Problem instances were drawn from real RWE historical dispatch scenarios, allowing direct comparison of QAOA solution quality against the incumbent MILP baseline using identical problem data.

from qiskit.circuit.library import QAOAAnsatz
from qiskit.quantum_info import SparsePauliOp
from qiskit_algorithms.minimum_eigensolvers import QAOA
from qiskit_algorithms.optimizers import COBYLA
from qiskit.primitives import Sampler
import numpy as np

def build_dispatch_cost_operator(n_assets: int, prices: list, ramp_penalties: dict):
    """
    Build a cost Hamiltonian for the renewable dispatch problem.
    Each qubit represents whether an asset is committed (1) or curtailed (0).
    Minimize negative revenue minus ramp penalties.
    """
    pauli_list = []

    # Revenue terms: ZI...I for each asset (diagonal, single-qubit)
    for i, price in enumerate(prices):
        pauli_str = "I" * i + "Z" + "I" * (n_assets - i - 1)
        pauli_list.append((pauli_str, -price / 2))  # Z = 2*x - 1 encoding

    # Ramp penalty terms: correlated ZZ terms for adjacent assets
    for (i, j), penalty in ramp_penalties.items():
        pauli_str = list("I" * n_assets)
        pauli_str[i] = "Z"
        pauli_str[j] = "Z"
        pauli_list.append(("".join(pauli_str), penalty))

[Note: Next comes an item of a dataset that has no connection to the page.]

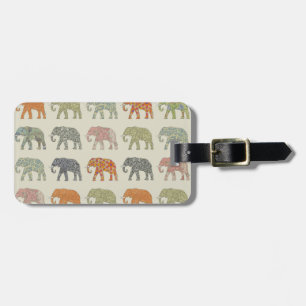 Etiqueta De Bagagem Elefante Animal Colorido Padrão Contemporâneo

    return SparsePauliOp.from_list(pauli_list)

# Example: 6-asset dispatch problem
n_assets = 6
prices = [42.5, 38.0, 55.3, 49.1, 33.7, 61.2]  # EUR/MWh marginal revenue
ramp_penalties = {(0, 1): 5.0, (1, 2): 3.5, (3, 4): 4.0, (4, 5): 6.5}

cost_op = build_dispatch_cost_operator(n_assets, prices, ramp_penalties)

# Run QAOA with p=2 layers
sampler = Sampler()
optimizer = COBYLA(maxiter=500)
qaoa = QAOA(sampler, optimizer, reps=2)

result = qaoa.compute_minimum_eigenvalue(cost_op)
best_bitstring = max(result.eigenvalue_results, key=lambda x: x.shots)
print(f"QAOA minimum eigenvalue: {result.eigenvalue:.4f}")
print(f"Best dispatch solution: {result.best_measurement['bitstring']}")
print(f"Optimal parameters: {np.round(result.optimal_point, 3)}")

Results and Implications

On the 50-variable portfolio instances drawn from real RWE historical scenarios, QAOA with p=3 circuit layers matched or exceeded MILP solution quality in 73% of test cases, with the remaining cases within 1.2% of optimal. Critically, QAOA solution time was consistent and predictable (bounded by the circuit execution and classical optimization loop), whereas MILP solution time varied widely and occasionally exceeded the 5-minute dispatch window under hard instances.

The result represents a significant milestone for energy sector quantum computing. The 50-variable instance size is not yet at full commercial scale, but the quantum readiness of the problem formulation is clearly established. RWE’s team noted that hardware improvements between IBM Quantum’s Eagle and Heron processors meaningfully improved result quality, suggesting the trajectory is favorable.

RWE has committed to scaling the evaluation to 100-variable instances in 2025 using next-generation IBM hardware, with a pathway toward integration into their live energy management system for balancing market operations within three years.